As far as research has resolved, the first airdrops in the New Guinea campaign took place on the 28th of July 1942 at Efogi and Kagi during the withdrawal to Kokoda.

In early 1943 Colonel T.G. Millner MC. Deputy Director of Supplies and Transport resolved that air supply was to be an Australian Army Service Corps (AASC) responsibility.

An extract from "The Biscuit Bombers" article written by Capt P.L. Angelatos which appeared in InteRACTion Newsletter Issue No 4 Dated April 1992)

176 Air Dispatch Company (RAASC)

During the Campaign in New Guinea the 1st, 2nd and 3rd Air Maintenance Companies "Biscuit Bombers" were formed from members of the Aust Army Service Corps.

The operational skills were kept alive in the CMF units of 38 and 39 Air Dispatch platoons (AD Pls) located in Sydney and Melbourne during the 1950's.

In the mid 1950's regular army air dispatch tasks were carried out by "Ad Hoc" crews put together by 1 Tpt Coy RAASC, they were trained at the RAASC School Puckapunyal (Air Dispatch Wing).

The requirement for regular army air dispatchers was recognised in 1959 during exercise "Grand Slam" in North Queensland where the Monsoon Season in the Mackay/Sarina area limited the resupply of units by conventional road transport due to the torrential rain.

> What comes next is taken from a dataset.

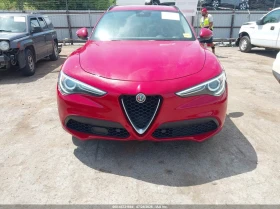Alfa Romeo Stelvio 2.0l Sport Awd, снимка 12
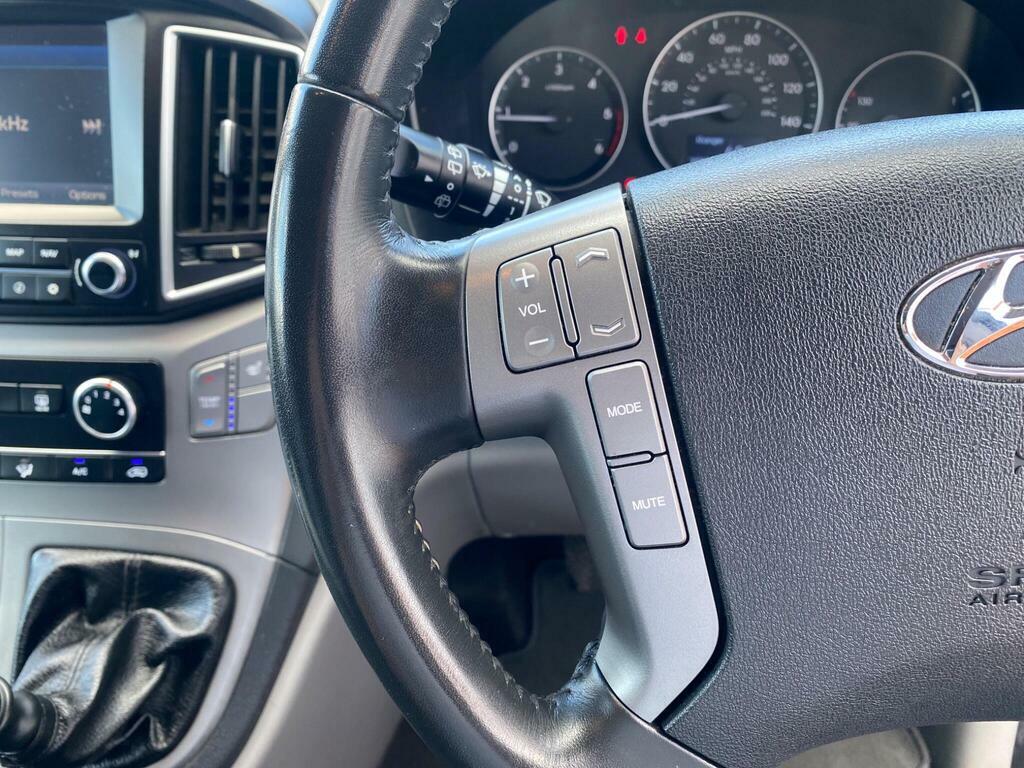 Hyundai I800 Se Silver #30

October 1960 saw the raising and training of a Section of ARA Air Dispatchers, (Ex 1 Tpt Coy Soldiers), who were marched into and formed an ARA Component of 39 AD Pl. RAASC (CMF) at Frenchmans Road Depot in Randwick, Sydney.

In order to gain operational experience the ARA section of 39 AD Pl. was detached to 55 Coy RASC (AD) in February 1961 for duty on the Malaya/Thailand Border.

At that time duties of 55 Coy RASC (AD) included the resupplying by air of the Commonwealth Brigade in their operations against the Communist Guerrillas.

On returning to Australia the ARA Section carried out extensive parachute training plus logistic support force supply path finding duties.

A second (ARA) Section was formed mid 1961 and detached to 55 Coy RASC (AD) for duties on the Malaya/Thailand Border from February to May 1962. Both ARA sections were then sent to Singapore in May 1962 for International Ex "Trumpeter ", this was followed by heavy drop training at the Far East School of Land/Air Warfare.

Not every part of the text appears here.